Podemos afirmar que a justiça de transição no Brasil tem buscado atuar de maneira constante  no sentido de ligar o passado com o presente, fazendo com que as ações ocorridas no período ditatorial não sejam esquecidas.  

A primeira formado tempo jurídico instituinte é a da memória A memória que lembra existir o dado e o instituído. Acontecimentos que importaram e ainda importam e são suscetíveis de conferir um sentido (uma direção e uma significação) à existência coletiva e aos destinos individuais[28]. 

O Estado exerce papel de extrema importância para uma real efetividade da justiça de transição conforme ensina Ost: “De todas as instituições jurídicas suscetíveis de ligar o futuro, a mais importante foi, e continua sendo ainda, em larga medida, o Estado. Sob a condição, contudo, de pensá-lo como poder contínuo, e não somente como poder soberano”[29].

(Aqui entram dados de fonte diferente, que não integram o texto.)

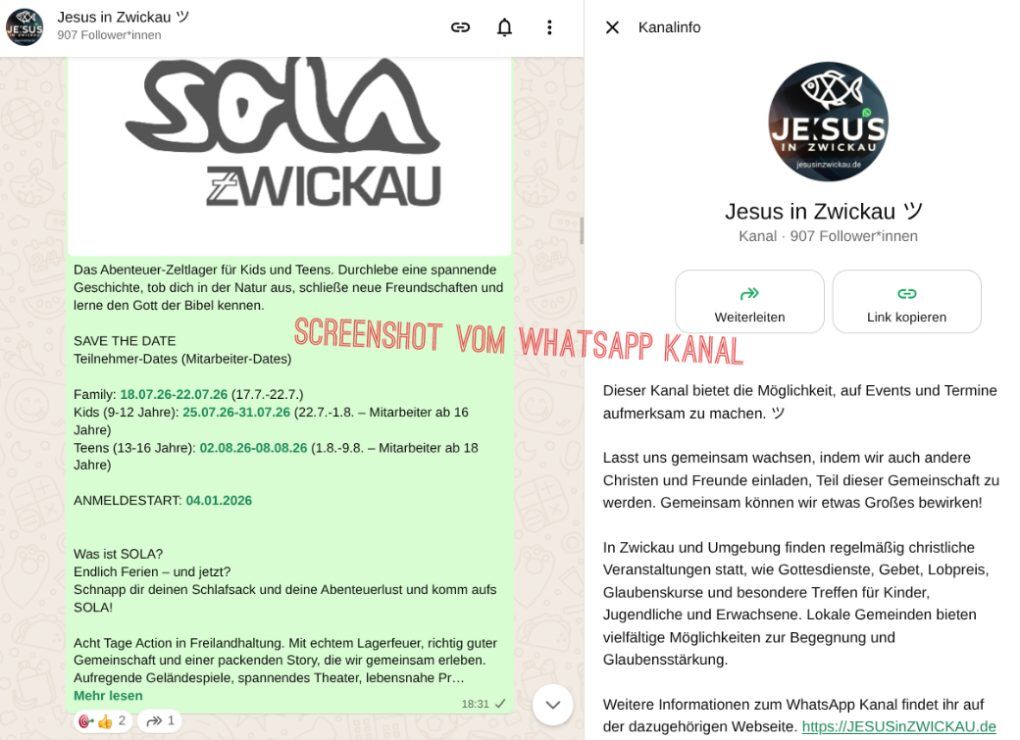 Screenshot vom WhatsApp Kanal
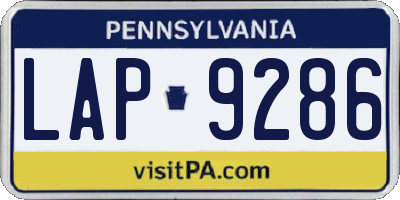 PA license plate LAP9286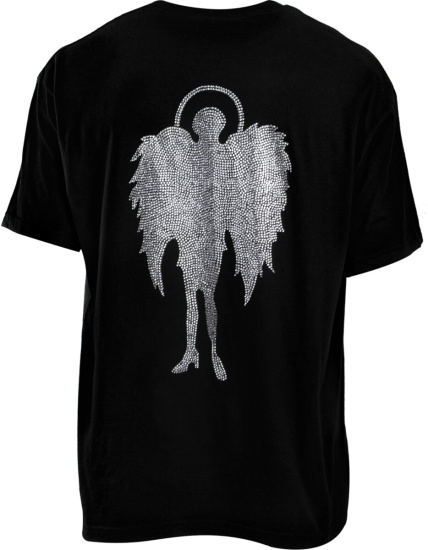 New Tone Studios Wings Embellished Logo T Shirt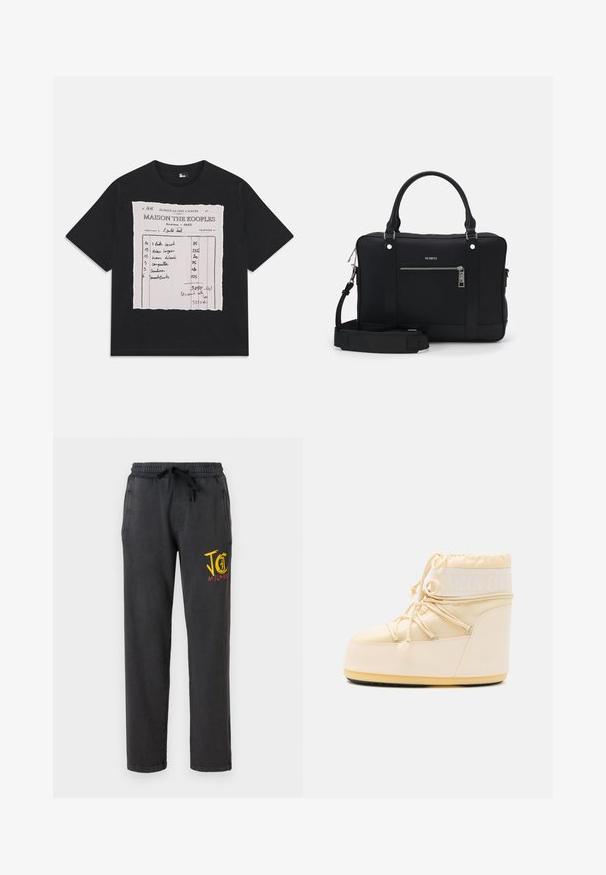Čierne bavlnené tričko s grafikou výstrižku, na ktorom sú ručne písané poznámky uvádzajúce podrobnosti položky a ceny v kontrastnej farbe.; Tmavohnedé tepláky s elastickým pásom a šnúrkou na stiahnutie. Obsahujú postranné vrecká a viacfarebnú grafiku na ľavom stehne.; Svetlosandálové Mesiacové čižmy s okrúhlou špičkou, šnúrkovým uzáverom a textúrovanou gumovou podrážkou. Obsahuje biele logo a hladké syntetické materiály.; Čierna syntetická taška cez rameno s dvoma rúčkami, odnímateľným ramenným popruhom, prednou vreckom na zips a striebornými kovovými akcentmi.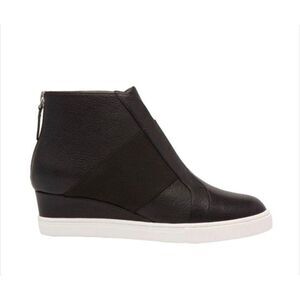 LINEA PAOLO Felicia Black Leather Wedge Sneaker Size 8.5M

Como sinal de efetividade podemos apontar o processo de localização e abertura dos arquivos do período do regime militar e seus avanços com a Comissão da Verdade Nacional. E ainda, o papel desempenhado pelas universidades que tem realizado pesquisas voltadas para análise do período com cientificidade. Na sexagésima primeira sessão, de 08 de fevereiro de 2005 a Comissão de Direitos Humanos das Nações Unidas aprovou um conjunto de princípios que servem como justificativa da imprescritibilidade assim como princípios gerais para combater a impunidade. Entre os princípios aprovados pela Comissão de Direitos Humanos da ONU estão:

  • O direito inalienável à verdade;
  • O direito imprescritível da vítima de saber as circunstâncias em que houve violência, morte ou desaparecimento;
  • O direito à imprescritibilidade como um direito fundamental, quando se refere a crimes que, para o direito internacional, são imprescritíveis;
  • O direito à justiça e especificamente à justiça penal;
  • O direito à jurisdição universal; (Resolução 3074 (XXVIII) da Assembleia Geral da ONU, de 03 de dezembro de 1973, que estabelece que os princípios de cooperação internacional na identificação, detenção, extradição e castigo dos culpados de crimes de guerra ou crimes contra a humanidade);
  • O direito da restrição à Anistia. Reconhece-se a anistia como uma medida que pode ser benéfica em casos de acordos de paz e assim por diante (processo transicional da África do Sul) mas os autores de tais crimes não podem se beneficiar de tais medidas enquanto o Estado não cumprir suas obrigações, entre as quais levar adiante investigações independentes e imparciais sobre as violações dos direitos humanos e direito internacional humanitário e tomar medidas precisas em relação aos autores, particularmente na área da justiça penal, julgando-os e condenando-os conforme o caso[30].

Assim, “a eficácia das comissões da verdade, em termos de contribuição da reconciliação destas sociedades, é algo a ser determinado nos próximos anos[31]”, mas que numa breve análise podemos verificar a existência de frutos. Em termos de reparação gradativamente temos presenciado avanços, conforme se comprova com as comissões de anistia. 


7. CONCLUSÃO.

A justiça de transição busca cumprir seu papel de contribuir para uma redemocratização segura e gradual, pautada nos pilares da verdade, memória, justiça e reforma das instituições, mas enfrenta obstáculos constantemente para ser efetiva.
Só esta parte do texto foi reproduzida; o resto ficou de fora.